PG&E does not address how increasing the currently adopted 2.7 cent DA CRS cap to 4 cents per kWh would affect DA economic viability or whether it would force direct access customers to shut down or relocate their operations. PG&E believes that while raising customer charges is an important concern, it is important for bundled as well as DA customers. PG&E argues that even with a 4 cent cap, DA is competitive with bundled service, assuming DA power prices at about 5 cents per kWh. PG&E thus believes that a better basis for setting a cap is to limit the period of time during which DA customers lean on bundled customers, rather than lower direct access customers' charges now at the expense of a longer payback period for the loan from bundled to direct access customers.
TURN and Farm Bureau argue that raising the DA CRS cap to as high as 4 cents per kWh would not impair the economic viability of DA. TURN argues that there is no evidence that a low cap would be better for the state's economy than a high cap, or no cap at all on DA CRS. TURN argues that the cap does not eliminate overall system costs, but merely shifts those costs from DA customers to bundled customers. TURN argues that whatever adverse economic effects may result from the imposition of DWR costs on DA customers, the same potential risks face bundled customers to the extent they must shoulder those costs. Because the cap simply defers, but does not eliminate, the DA CRS payment obligation, TURN argues that a low cap does not promote any greater economic development than a high cap or no cap.

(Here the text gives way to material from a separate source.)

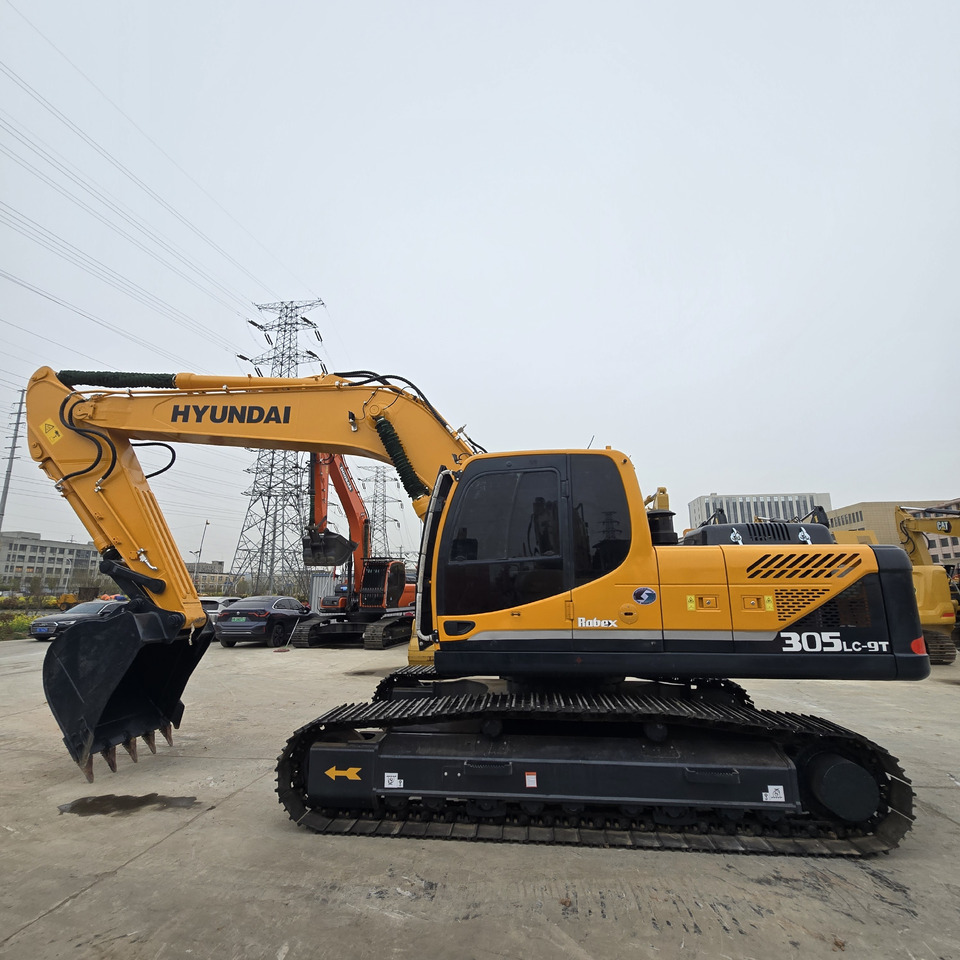 Hyundai R305LC-9T - 크롤러 굴삭기 : 사진 2 Hyundai R305LC-9T - 크롤러 굴삭기 : 사진 2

TURN also argues that the correct analytical approach to evaluating DA economic viability resulting from any cap should focus only on the avoidable costs facing DA customers if they return to bundled service. Because the DA customer cannot avoid the DWR bond charge, other past DWR shortfalls, the HPC, or CTC by returning to bundled service, TURN argues that these elements are not relevant for assessing the economic consequences of a DA CRS cap. TURN contends that the only relevant comparison for purposes of determining a cap is between (1) ESP charges plus DWR power charges versus (2) the bundled generation rate plus any allocated shortfall resulting from a DA CRS cap.
PG&E proposes raising its cap as high as 4 cents per kWh. ORA believes that PG&E can support a 4-cent cap, at least in the near term, without causing DA contracts to become uneconomic to a significant degree. PG&E is still under frozen bundled rates that include high surcharges. ORA argues that the reduction in the current DA credit resulting from a 4-cent cap would still leave DA contracts that are at current market rates less expensive than bundled rates. (ORA Ex. 163, Attach. B.) ORA thus advocates raising PG&E's CRS cap to 4 cents for a short while, with the aim of paying off the CRS undercollection faster. When PG&E's surcharges are terminated, ORA agrees that reducing PG&E's CRS to something closer to SCE's proposed 3 cent cap could be considered.

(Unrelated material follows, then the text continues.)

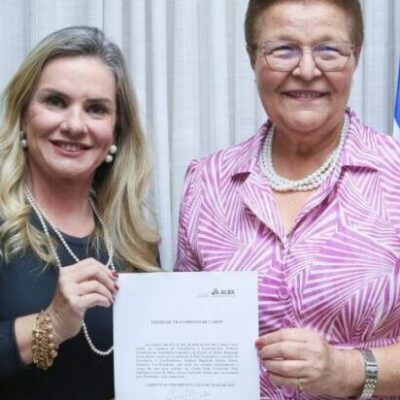 Ivana Bastos passa comando da Assembleia para a vice Fátima Nunes e viaja aos EUA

While not disputing that a higher DA CRS cap might impact the businesses of current DA customers, SCE argues that bundled service customers face the same hardships caused by a sluggish economy as DA customers state they are experiencing. A lower DA CRS cap, lower interest rate and longer repayment period for DA customers translates into a longer period that bundled service customers must pay higher electric charges.
b) Discussion
The widely varying positions of parties concerning the impact of any DA CRS cap on the economic viability of DA highlight the lack of a properly developed record on this issue. The discussions on the economics of any cap continue to be anecdotal at best and we continue to be troubled by the notion that the assessment of the level of DA CRS cap needs to be considered in the context of maintaining DA economic absent any record. It's no surprise that parties representing DA customers would testify that any cap would render DA uneconomic. Some parties continue to argue that even a cap of 2.7 cents per kWh poses serious increases in electricity costs with some California companies even considering moving to neighboring states. Unfortunately, the record simply does not support such allegations nor have the parties presenting the cost impacts been forthcoming with information that would support those estimates. Indeed, it's not even clear whether some of the companies that presented cost estimates of the impact of a DA CRS cap are not continuous DA customers for whom the cap does not even apply44.
We agree with TURN that there is no evidence that a low cap would be any better for the State's economy than a high cap, or no cap at all. Further, we note that the elements covered under the cap include the same elements that that would apply under the DA or bundled service option. In assessing the economic viability of any cap on DA customers, it's worth pointing out that only the DWR going forward power charge is truly avoidable and the only component which impacts the viability of DA. Yet, the arguments against a cap continue to be based on a false impression of what charges can be avoided. We find that the record lacks any basis on which to assess whether the proposed caps of 4 and 3 cents per kWh for PG&E and SCE/SDG&E, respectively, will adversely impact DA customers. It is also important to note that the majority of California businesses are bundled customers, not DA customers. Thus, to the extent we limit the level of subsidies that bundled customers must provide to DA customers, we will be benefiting the majority of California businesses.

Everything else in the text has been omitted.